E3 founders complete MBO
- Mar 05, 2009
The original co-founders of E3; Mike Bennett and Stuart Avery, have completed a management buyout of the digital agency.
The deal sees the duo become 100% shareholders and non executives Dougal Templeton and Scott Davidson exit the company.
The pair started the company whilst at university back in 1997 from the cellar of their student house in Bedminster.
They took on investment from Davidson and Templeton to help accelerate the growth of their business in 2000 at the height of the infamous dot com boom.
Months later the company received national attention as the valuation of their business soared and they were offered £7.5m to sell 51% of E3 to a London based investment company.
They rejected the offer in favour of growing their business and just weeks later the dot com bubble burst.
“They were crazy, crazy days but we learnt a lot about running a business and not getting too carried away” said Stuart.
Today E3 has a team of 45 creatives and developers based at its Paintworks studio and London offices.

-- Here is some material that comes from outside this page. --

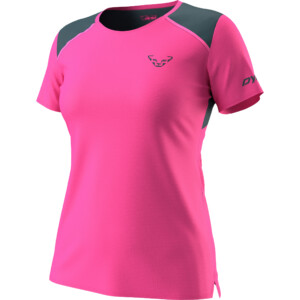 Dynafit Damen Sky T-Shirt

Stuart continued:“When Scott and Dougal invested back in 2000 they were heavily involved with the development of the company, but over the last 5 - 6 years have left us to get on running the business so we’ve been keen for some time to take full ownership”.

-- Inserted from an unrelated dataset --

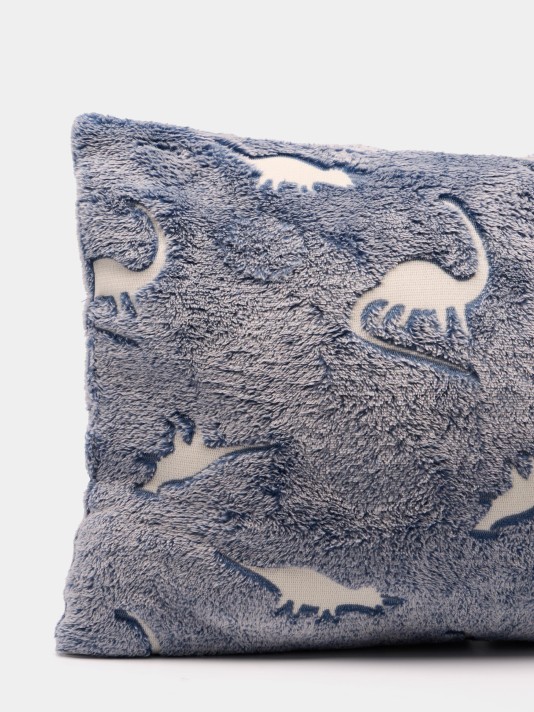 Almofada decorativa Almofada decorativa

Mike added: “This is a hugely exciting step for us and we think a really positive new era for E3. It’s been an up and down journey, but we’ve managed to grow and strengthen the business every year so this marks an exciting new chapter for us personally and the whole E3 team.”
“We’ll be inviting some of our senior management team to join us on the board to help drive the company forward and we’re also on the hunt for some non executives to sit around the table with us.”
Stuart said:“For our clients and employees it will be business as usual.Despite the current climate we’ve had a great start to the year with our busiest quarter ever. Who knows how much recession will affect us over the coming months, but we’re keeping positive, paying close attention to profitability and will continue with our plans to grow and invest into both Bristol and London.”